If you explore the wave for any longer than a minute, you’ll find “The Wave Slot”, a teeny little “slot canyon”-esque section (read: it’s a thin section between walls) of the formation with darker sandstone. That should have been my first clue. But I was simply fascinated with the endless compositions, and didn’t really realize what I was seeing.
But the Wave wasn’t enough. We had a list of things to see in Coyote Buttes beyond just the Wave. So we took our photos, ate our lunch, enjoyed the view, and made our way out to the less-populated places of the area.
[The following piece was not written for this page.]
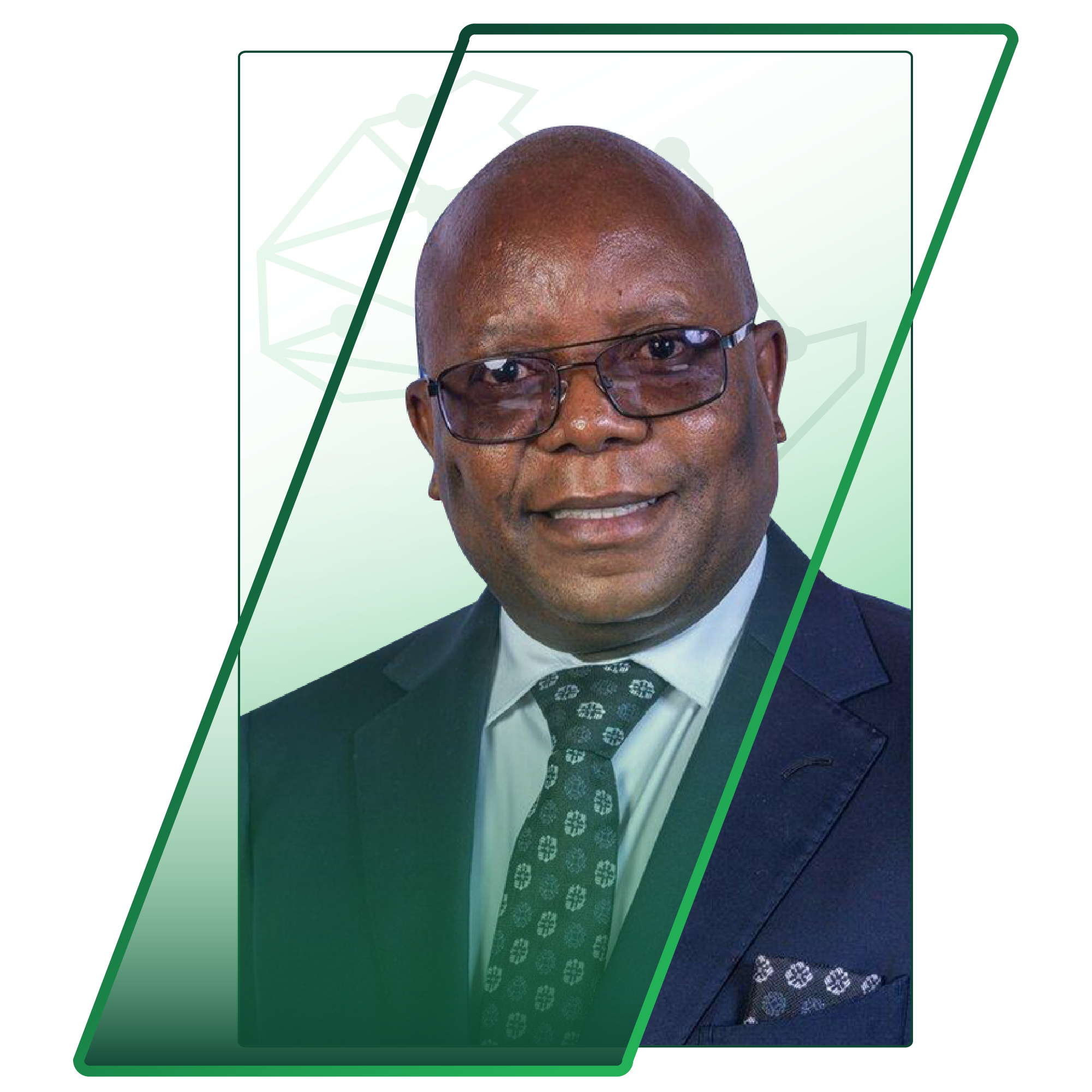 Portrait of a man in a suit and tie wearing glasses, smiling at the camera, with a green decorative frame behind him.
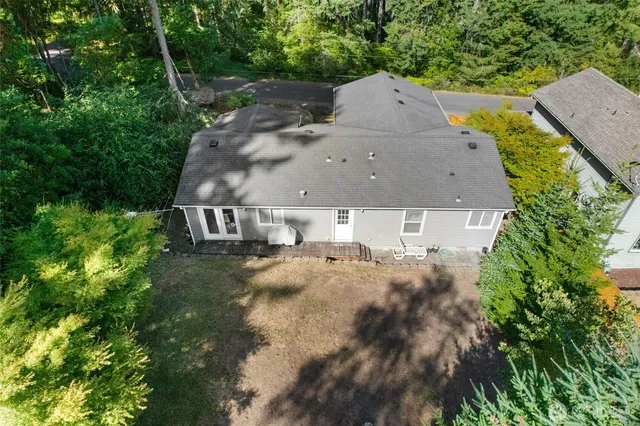 an aerial view of a house with yard and trees all around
And that was when things got weird. Really surreal; Dr. Seuss-meets-Salvador Dali odd. As we climbed higher up the butte, the landscape below began to show us just how funky it was. Have you ever been to Devils Postpile? Pretty cool, right? Hexagonal columns of basalt, fascinating from the ground; but get on top of the formation and it’s like being on a turtle’s back, the shapes simply etched into the rock at your feet, hexagons and hexagons and hexagons.
Well, sandstone can do that too, apparently. It’s all lumpy and not as clearly defined as most columnar basalt, but the shapes are there.
And then I really started to see the colours. Yeah, we saw the colours at the Wave, but that was a very close and concentrated view. From above, the landscape was rife with colours. Creamy and saturated, soft and hard, I could think of a hundred adjectives for the colours of the sandstone I saw in the landscape below us. And after some time of being up close, I finally began to notice the details.
At our third location for the day, I noticed the sandstone was freckled. Moreover, though, it was not just striped along its layers—the small ridged sections where erosion gets a little chunky—but striped through the layers, and I got really confused. Don’t clear up this mystery for me, though, because I’ll just revel in its beauty.
Somewhere between our fifth and sixth location for the day, I must have suffered some sort of subconscious overload. After snapping several art shots, marveling at the dark purple splotches in the sandstone, I caught up to my husband and burst out incredulously, “Mother Nature was tripping balls when she made this place. I feel like I’m walking on tie-dye! THE GROUND IS TIE-DYED. WHAT.”
And things only continued in the strange vein the next day. In the second section the colours were even more obnoxiously mixed, three, four, five colours packed together in a small one-foot section of sandstone, swirls through layers going crazy. Dark purple tinged with vibrant orange, a smouldering coal jutting out from the wall; pastel pinks and oranges and yellows snaking around each other while all I could think was, “Oh, the places you’ll go.”
So what is the colour of sandstone?
Let’s be real; it’s just a pigment of the imagination. Because it’s all brown. But I swear it was purple. It was creamsicle orange. It was peach and pink; it was a live coal; it was rust; raspberry; boysenberry; lemon, banana, it was eye candy to an extreme.
And don’t even get me started on the texture.